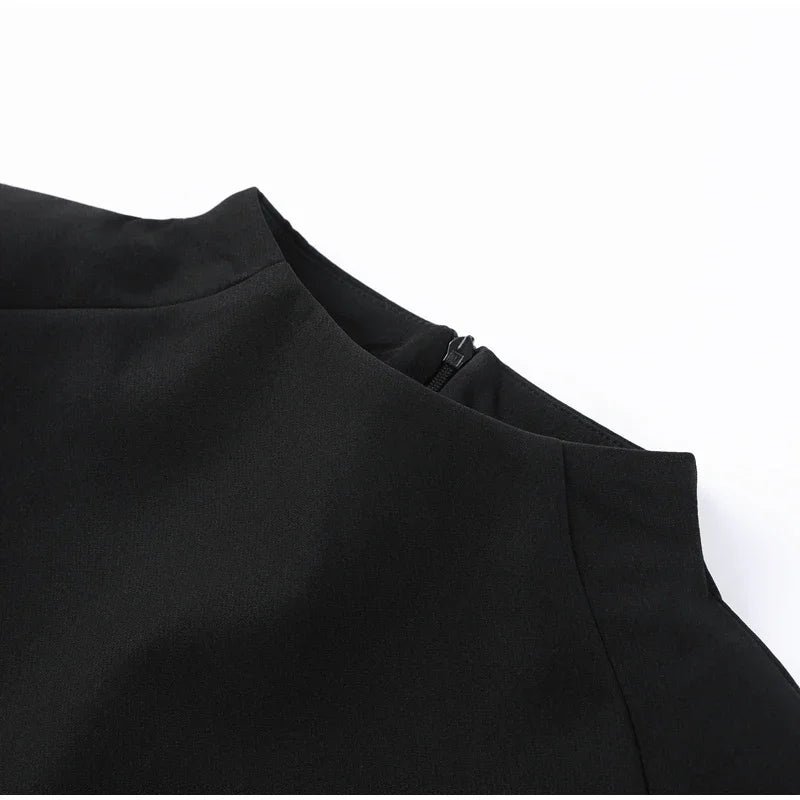 Elegant Women Shawl Cropped Top Shoulder Pads Stand Collar Short Sleeve Black Female T-shirt 2026 Spring Summer Lady Partywear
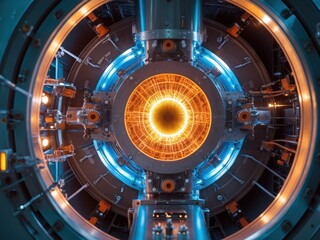 Innovative thermonuclear fusion reactor showcasing vibrant plasma and advanced technology in a controlled scientific environment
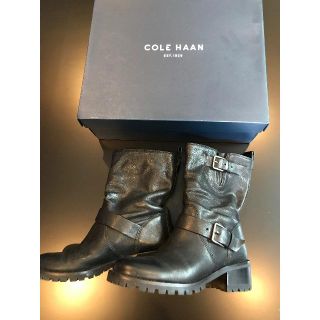 コールハーン(Cole Haan)の◆コールハーン　レザー　エンジニアブーツ　ブラック　22㎝　美品◆(ブーツ)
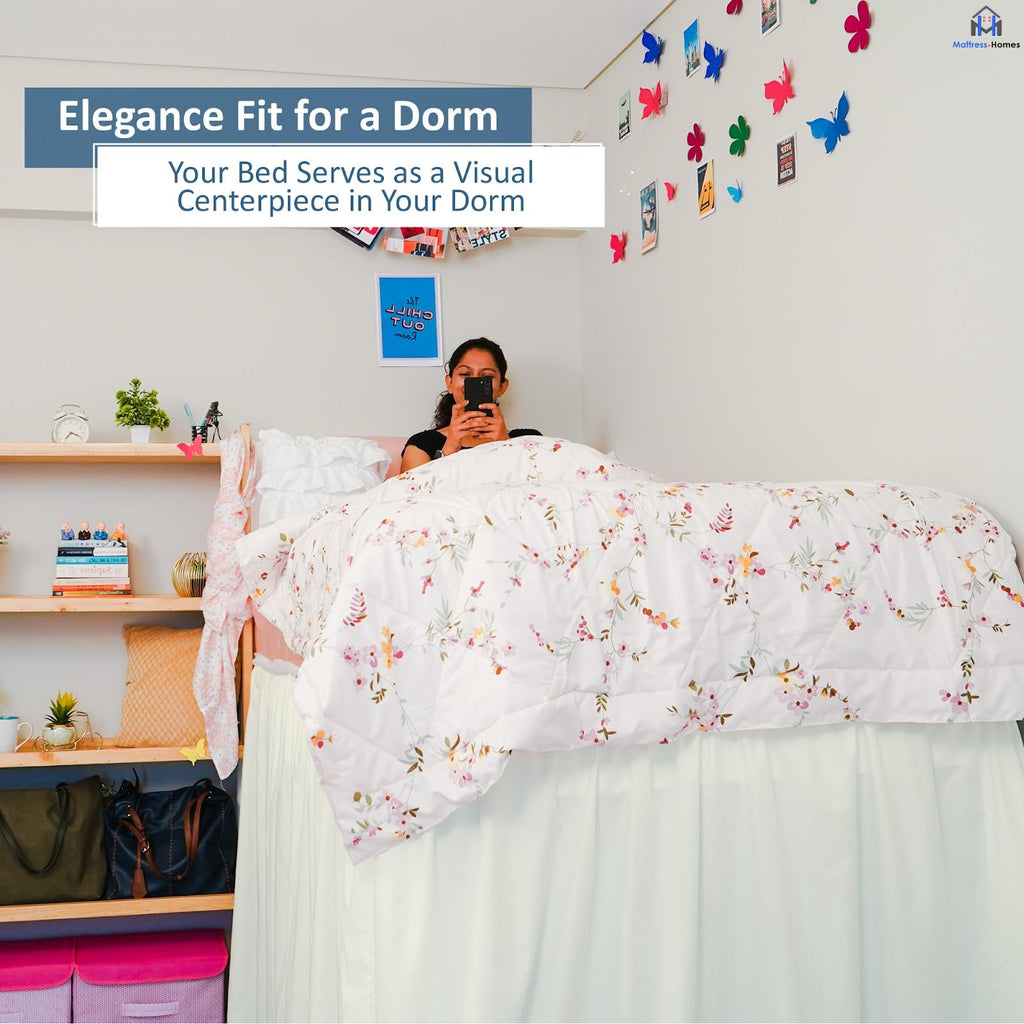 Ruffled Dorm Bed Skirt, Twin XL, 54-Inch Drop, Tailored with Split Corners, Ivory Dust Ruffle for Lofted College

·····

** DESCRIPTION OF THE TASK **
The final stretch of the data, from the line with "Innovative thermonuclear fusion" through its last line, is to be retyped exactly; pictures are not part of the copy.

** SOLUTION **
 Innovative thermonuclear fusion reactor showcasing vibrant plasma and advanced technology in a controlled scientific environment
 コールハーン(Cole Haan)の◆コールハーン　レザー　エンジニアブーツ　ブラック　22㎝　美品◆(ブーツ)
 Ruffled Dorm Bed Skirt, Twin XL, 54-Inch Drop, Tailored with Split Corners, Ivory Dust Ruffle for Lofted College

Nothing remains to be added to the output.